A curmudgeon returns
Part 2 in my curmudgeon series (don't worry, after this, it's all utopia again). A couple of posts back I mused that "we have seen the demise of any sense of compulsion or quality. There is no more 'should' anymore. Everything is okay." I pondered whether this started with post-modernism and was reinforced by the internet as echo-chamber.
Ain't no echo chamber
I've been thinking more about it, largely thanks to the excellent comments on that post. On reflection I feel that the echo-chamber effect is probably overplayed. Certainly we tend to talk to like-minded people – this is human nature. Sometimes it is a result of preference: I don't need to talk to fascists to know I disagree with them. But it is also a fundamental aspect of what we term community: in academic circles, theoretical physicists don't advance their science by hanging around with people who they have to explain Newton's second law of motion to – they need to assume a base level of knowledge to be able to have the discussions they need.
Even so, my experience of being online is that my network is far more diverse than my face to face one. There is a great deal of variation in the people in my twitter network, without going to extremes. In this sense it is the opposite of an echo-chamber (a diversity chamber?) and almost every day something will come across my path that I wouldn't have encountered otherwise.
But I still feel that, particularly in relation to artistic tastes, the lack of compulsion I mentioned is prevalent in society. I could be wrong about this, and I have no empirical evidence (indeed, what form would such evidence take?). But humour me, and let's pretend I'm not just a grumpy old man, and there's something in it. If it isn't a result of the echo-chamber, maybe it is a result of what I shall, with a frightening lack of imagination, term 'always-right-ism'. We have had two mantras in recent years: The customer is always right, and more recently, the user is always right.
So, us internet users in particular are immersed in an environment where we are repeatedly told we are always right. If we don't get how to use a site immediately, give up, because it's the designer's fault. This is largely true, but coming on the back of the customer is always right attitude, it may start to pervade other areas of our lives.
In education we have seen the customer attitude tainting the student-staff relationship. The student cannot be always right (they wouldn't be a student then) and so the customer approach only works to an extent.

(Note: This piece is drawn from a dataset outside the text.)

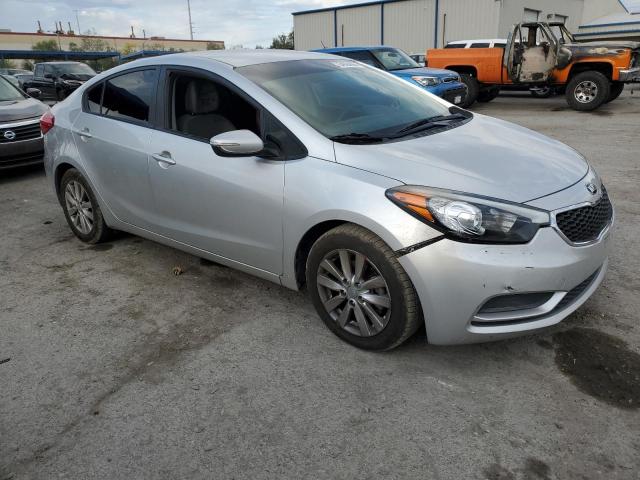 2015 Kia Forte Lx VIN: KNAFX4A63F5285592 Lot: 54694864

So my hypothesis is that a similar stance has begun to influence people's artistic choices. You struggled to read a book? It's the author's fault. Didn't like a piece of music? They should try and be more accessible. Didn't understand a piece of art? They are being wilfully obtuse. Think Lord of the Rings is the best thing written? That's fine, the rest of the country seems to agree.

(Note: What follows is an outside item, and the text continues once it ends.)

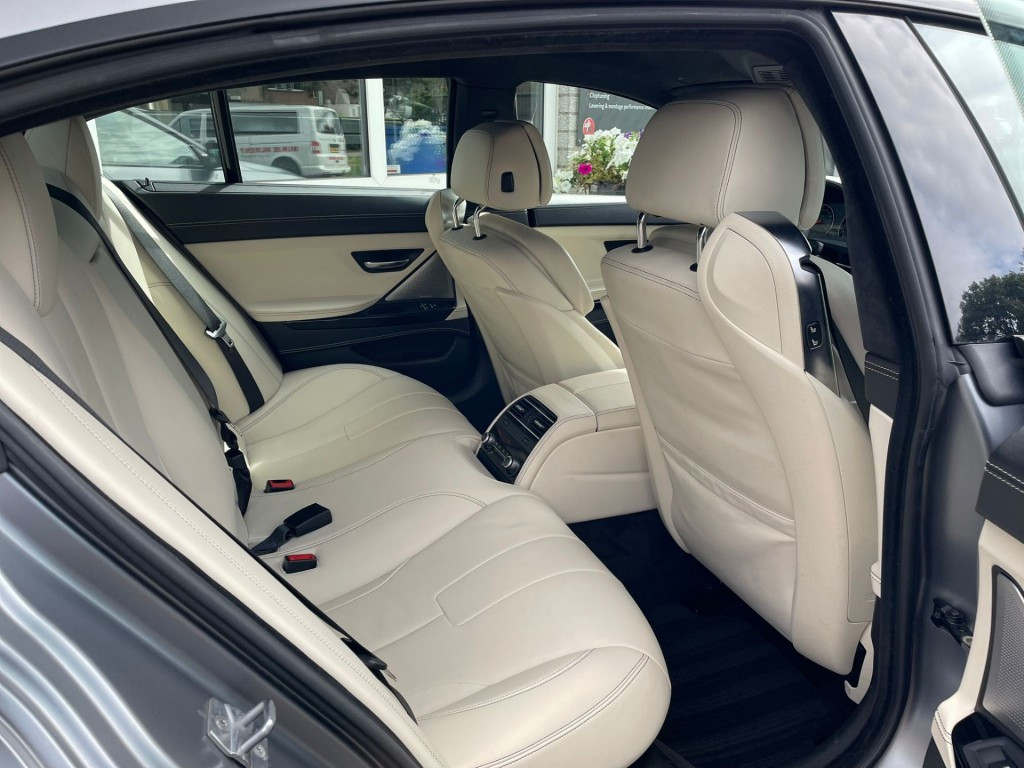 Hoofdafbeelding BMW M6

Brian Lamb posted a comment on my last piece, quoting Nick Hornby who was bemoaning the notion that reading should be hard:
the problems, it seems to me, is that we have got it into our heads
that books should be hard work, and that unless they’re hard work,
they’re not doing us any good… If
reading is to survive as a leisure activity…then we have to promote the
joys of reading rather than the (dubious) benefits…please, if you’re
reading a book that’s killing you, put it down and read something else"
I have a lot of sympathy with this view. As Nathaniel Hawthorne said 'easy reading is damn hard writing.' The curse of making things difficult to read runs through academia – I have supervised PhD students who feel that if it isn't verbose and almost impenetrable, then it isn't academic. I have spent a lot of my time trying to do the opposite (hence this blog) – trying to say interesting things in an accessible manner.
So I don't think books should necessarily be hard to read (often that's just a sign of poor writing), but you can stretch yourself in terms of the narrative style, subject matter, characterisation, structure, etc. Not every book you read has to be written simplistically, with a straightforward narrative. I recently read Jonathan Coe's excellent biography of the experimental novelist BS Johnson, and I have a lot of sympathy with Coe's stance: he likes books with plot and narrative (the Dickens tradition) but also admires those who experiment with the form. He says of Johnson, he wrote as though it mattered, and I think by extension, if we occasionally subject ourselves to art work that is created by people who thinks it matters, then maybe it matters to us a bit more too.